** EXTRACTED ENTRIES follows **

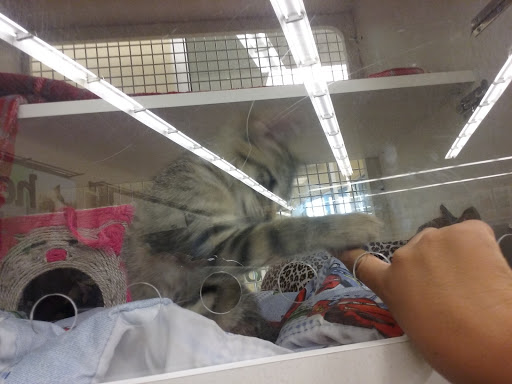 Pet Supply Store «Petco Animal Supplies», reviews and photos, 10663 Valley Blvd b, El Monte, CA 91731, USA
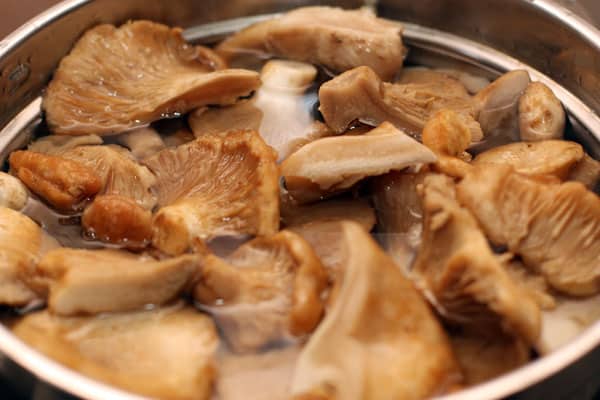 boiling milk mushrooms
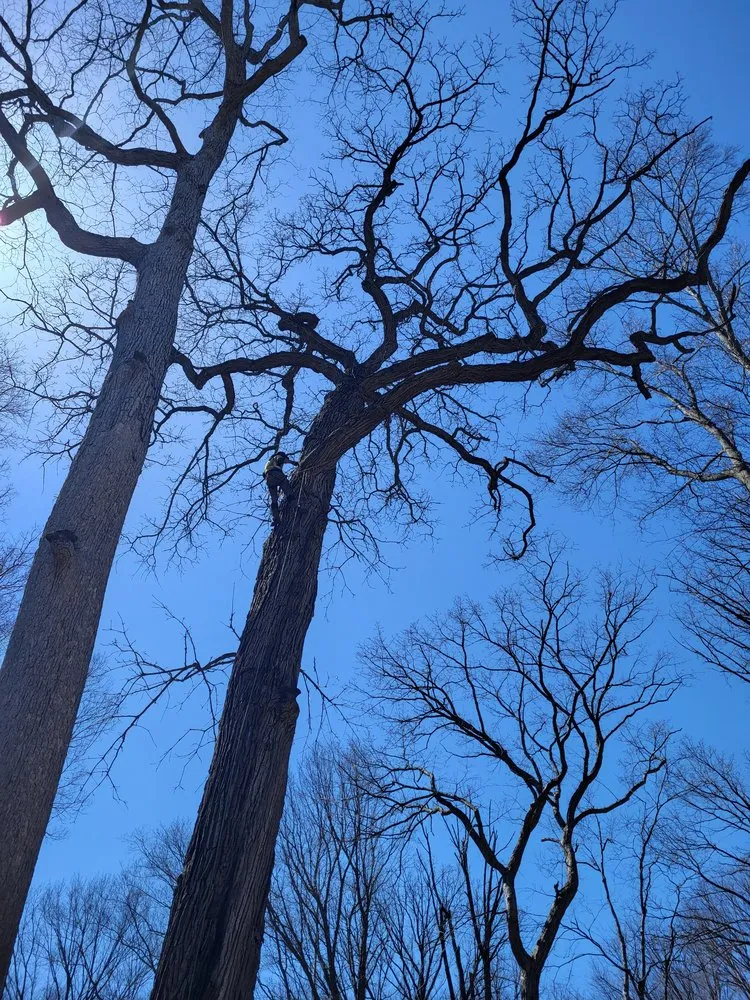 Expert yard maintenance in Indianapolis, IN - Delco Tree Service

** End of EXTRACTED ENTRIES **
** EXTRACTED ENTRIES follows **

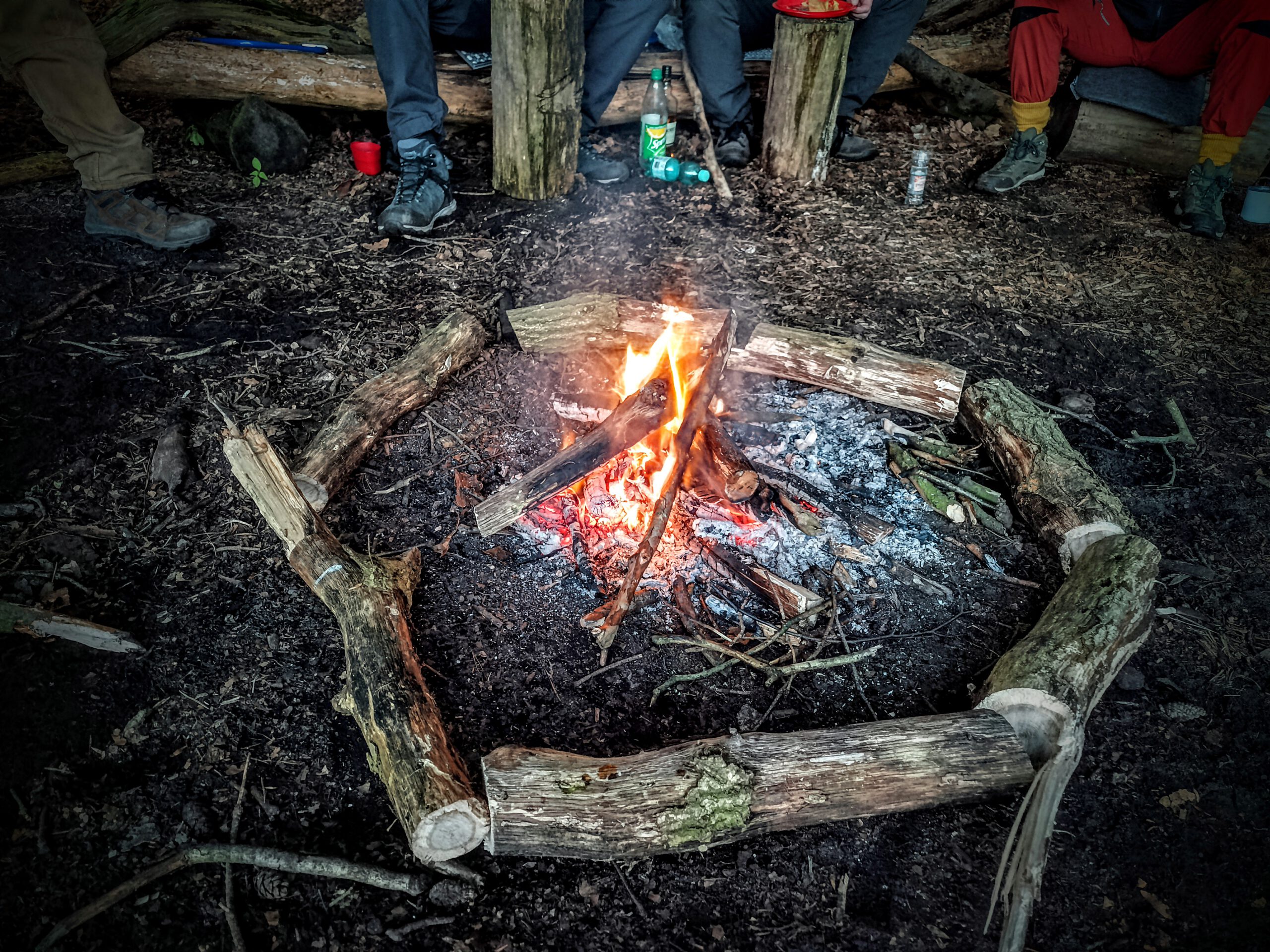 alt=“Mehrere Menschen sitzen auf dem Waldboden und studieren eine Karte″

** End of EXTRACTED ENTRIES **

AIM OF THE TASK:
In the listing above, find the line containing "boiling milk mushrooms" and the line containing "Expert yard maintenance", then output those two lines and everything between them exactly as written, without the images.

SOLUTION TO THIS PROBLEM:
 boiling milk mushrooms
 Expert yard maintenance in Indianapolis, IN - Delco Tree Service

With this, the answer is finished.